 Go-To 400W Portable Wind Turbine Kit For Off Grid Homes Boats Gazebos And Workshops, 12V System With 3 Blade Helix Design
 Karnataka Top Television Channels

* * *

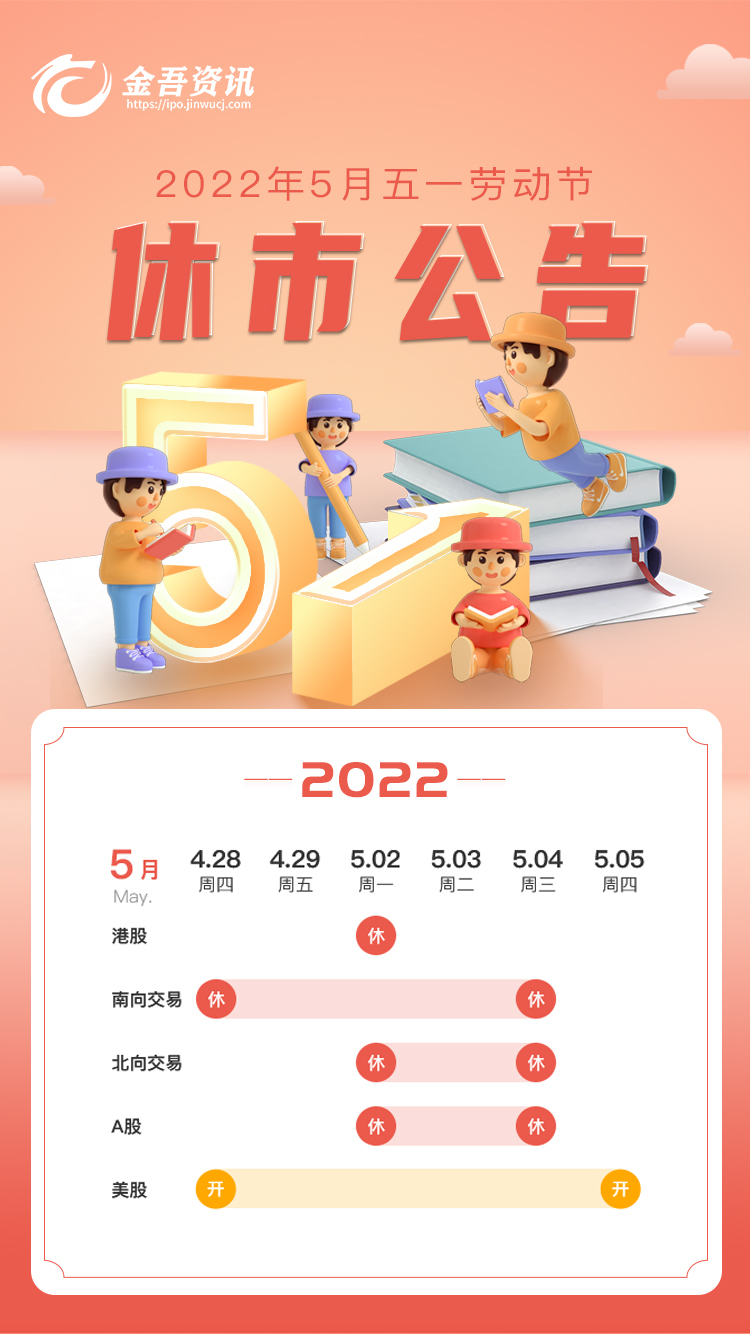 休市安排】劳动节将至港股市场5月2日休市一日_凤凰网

== What this task involves ==
Only one stretch of the entries above is wanted: the lines from the one containing "Go-To 400W Portable" through the one containing "Karnataka Top Television Channels". Please reproduce it exactly.

== Answer for this exercise ==
 Go-To 400W Portable Wind Turbine Kit For Off Grid Homes Boats Gazebos And Workshops, 12V System With 3 Blade Helix Design
 Karnataka Top Television Channels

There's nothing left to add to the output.